How We Did It
Team BT February 20, 2016
This is the 14th edition of the annual Business Today 'The Best Companies to Work for in India' survey. The survey is anchored by our knowledge partner PeopleStrong. The data is sourced from our survey partner Naukri.com.
The basic purpose of the survey is to understand the perceptions and aspirations of India's employees across industries, and map these against what they see in their companies, sectors and even across sectors. The key differentiator for BT's survey, compared to some other surveys of this nature, is that it is a web-based survey open to all salaried employees, anywhere in India, in any company, any sector. The survey does not take into account any company data, including HR metrics. The idea is to put forward how the employee community rates different companies as employers, across a set of specific parameters.

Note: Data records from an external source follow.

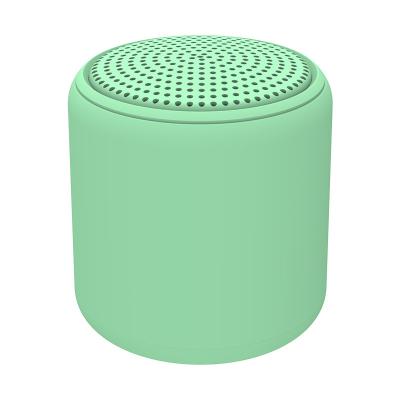 China Wholesale Hot Portable Wireless Speaker Macaron Inpods Littlefun Mini TWS Phone Function, OEM orders welcome for sale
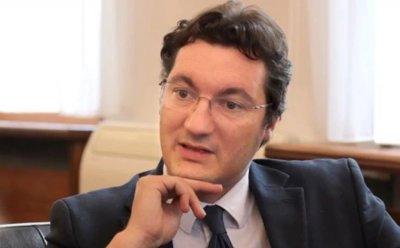Крум Зарков: Сарафов неминуемо ще завлече и другите власти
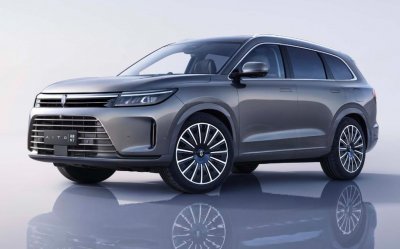 ​百万级 MPV，才是 AITO 问界崛起的关键？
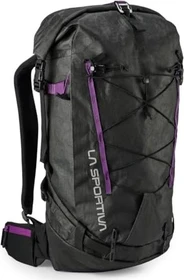 La Sportiva Challenger 28 schwarz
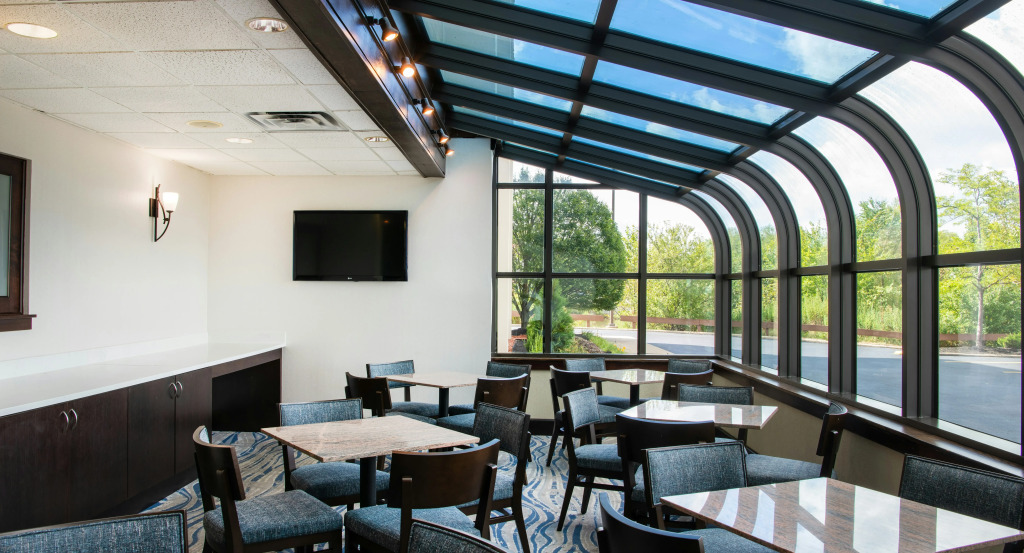 Hampton Inn Cleveland-Solon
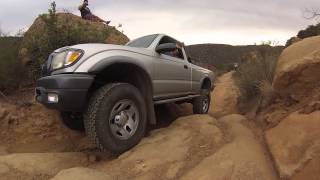 preview picture of video 'Black Canyon Off Road Trails'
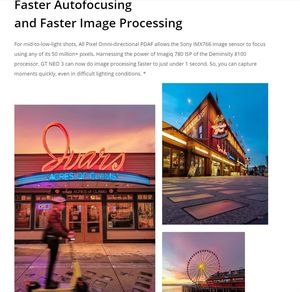 GTGT Neo 3 Versión 6.7" FHD+ 12+256GB Desbloqueado 5G VoLTE Smartphone Procesador MTK Doble SIM para Juegos Funciones Inteligentes - Product Image 6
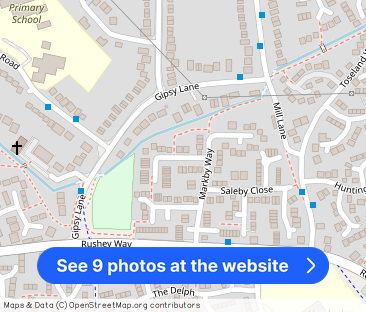 Binbrook Close, Lower Earley, Reading, RG6 - Photo 1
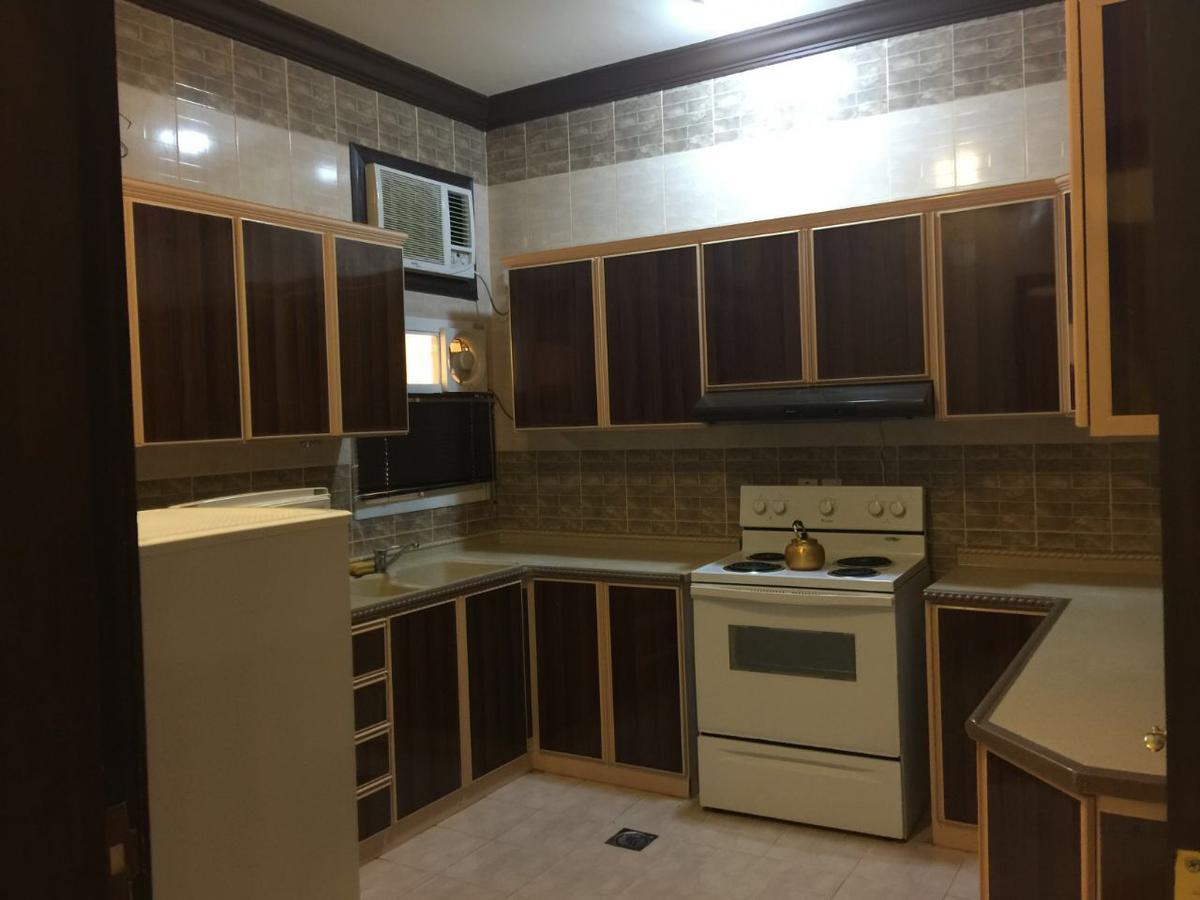 Aparthotel ديار الاتقان للوحدات السكنية المفروشة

This year's survey was carried out between September 28, 2015 and December 18, 2015. Naukri.com divided its active database into different slices based on age, experience, salary levels, etc. Targeted questionnaires were sent to four million respondents registered with Naukri. In all, 13,000 people came to the survey page.
PeopleStrong's team then thoroughly scrutinised the entries. After the scrutiny, we got a final reportable sample of 5,143 respondents, of which back-checks and verifications were done of about 10 per cent.
The Ranking Process
Respondents are asked to rank companies - across industries first, then within their own industry - across these parameters:
Growth oriented - career and growth prospects
Compensation and benefits
Workplace diversity initiatives (child care, women safety)
Work-life balance & flexibility
Ethics - Standards of fairness, objectivity and transparency
Stability - Scale and diversity of operations
Other HR practices (recognition, workplace atmosphere, administrative facilities and other perks)
The overall and sectoral rankings are computed separately, but using the same methodology. Overall rankings are based on how respondents across sectors rate companies, whereas sector rankings are computed only from the ratings given by respondents within each sector.
Rank 1 has higher weight as compared to rank 2, and so on. This difference is implemented by using the 90 per cent rule, wherein rank 2 gets 90 per cent of the weight as rank 1, and rank 3 gets 90 per cent of the weight given to rank 2, etc. Once rank scores are computed, the top-ranked company is given an index score of 100 and the scores obtained by the other companies are indexed to the score of the top-ranked company.